Whose Idea Was That Building?


MUCH HAS BEEN said about the new Constellation Center in recent weeks. However, virtually nothing has been said about the history of the building, its purpose and how crucial it is for the very survival of the grand old First Ship of the U.S. Navy.

The Constellation is owned by the U.S.F. Constellation Foundation, Inc., which is charged with the preservation, restoration and maintenance of the ship so that she can be kept open to the public. The foundation is a tax-exempt, non-profit, private foundation.

The annual cost of keeping the Constellation afloat in her present berth is about $600,000, not including such major restoration items as masts, spars and decking. (For example, restoration work on the gun deck is estimated to cost $1 million. The historic wooden ship launched in 1797 requires constant maintenance in order to be open for visitors.

Most of the $600,000 is produced by admission fees from more than a quarter-million visitors a year and from the sale of souvenirs. For the ship to survive as a historical landmark and to properly welcome visitors, an adequate administration facility is essential.

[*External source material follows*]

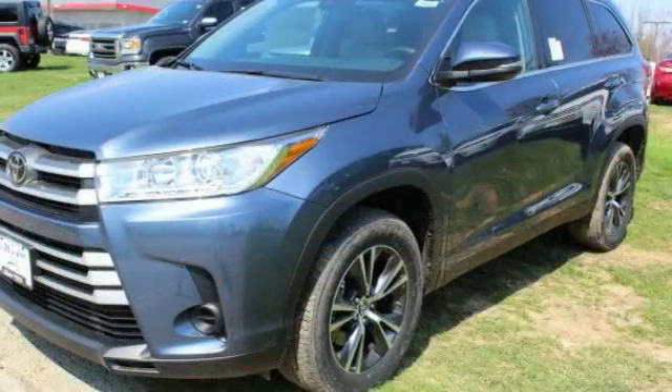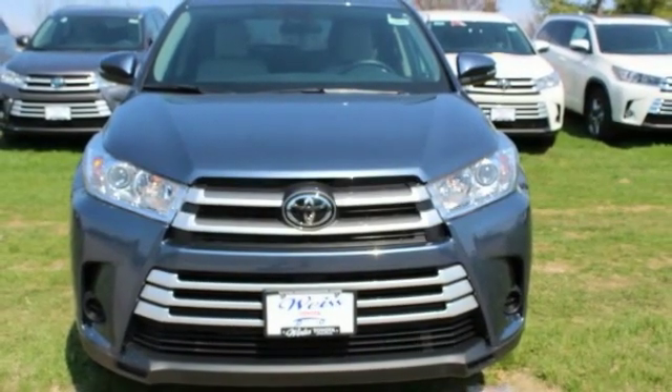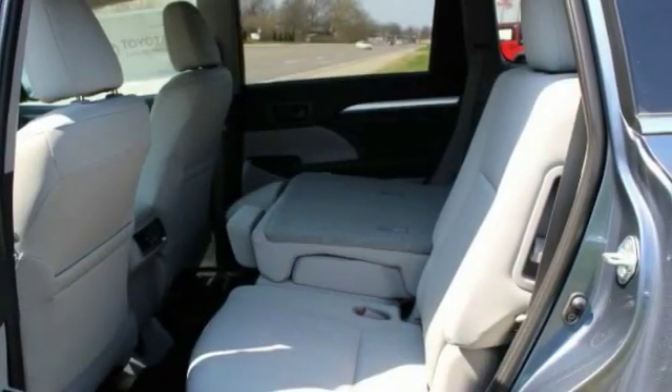Here are some of this vehicle's great options: keyless entry, traction control, backup camera, anti-lock braking system, steering wheel audio controls, stability control, lane departure warning, Bluetooth, power steering, and driver airbag.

Long before the development of Harborplace, the city built a permanent dock for the Constellation at Pier One, as a focal point in the harbor. At that time it was promised that a museum and administration building exclusively for the use of the Constellation would be built on this new dock.

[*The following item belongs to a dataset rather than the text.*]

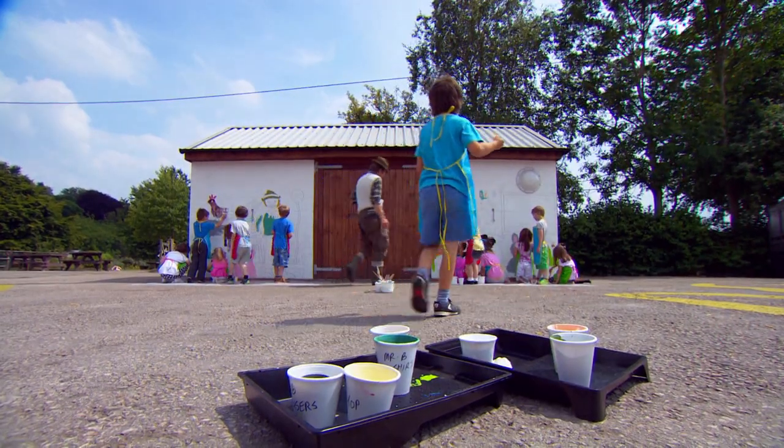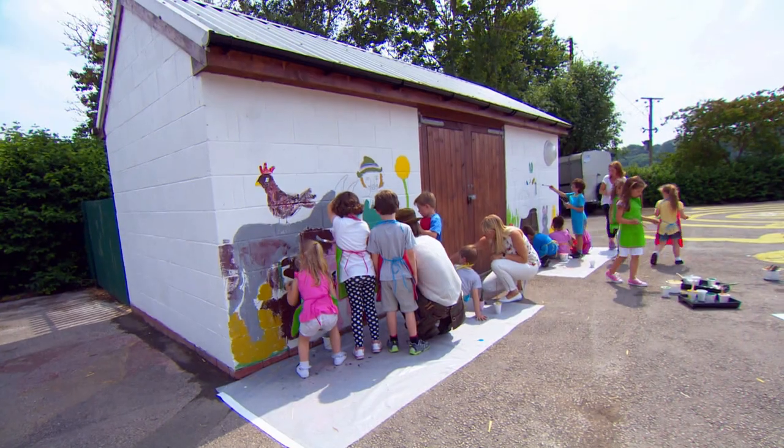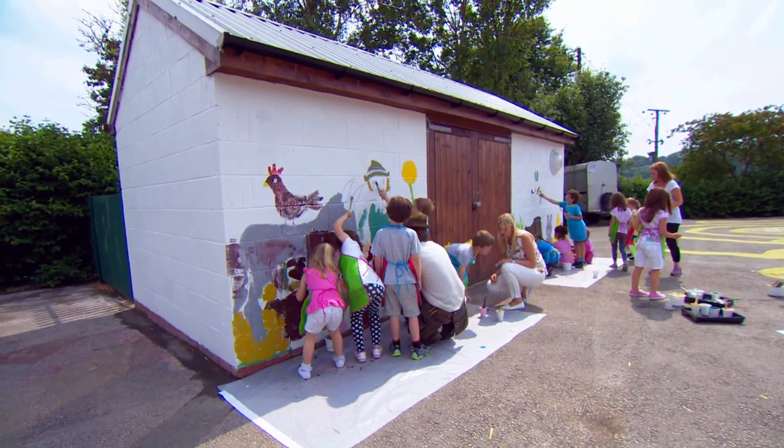The tiddlers have all drawn pictures of animals in the park and Marcia has copied them onto the shed, making them very big so everyone can colour them in.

Over the years, designs for the building were developed, one of which received approval even though its size was larger than the present structure. Another design was submitted by the architect for Harborplace. The building was not constructed because funds were not available.

Instead, a temporary frame structure was built on the dock for the admission of visitors. The foundation was properly urged by the city to dispose of this unsightly temporary building and build a suitable facility for the display of its artifacts, the processing of visitors and a gift shop.

Finally, after programming the basic needs for the center and after reducing it in size from the previous proposals, the highly respected and talented architect, Mario Schack, was hired. His proposals received severe scrutiny at various review hearings. Changes were made as the result of this process, the design was finally approved by all authorities and a building permit duly issued by the city. The same lengthy reviews and processes were followed as those used for all other buildings in the Inner Harbor.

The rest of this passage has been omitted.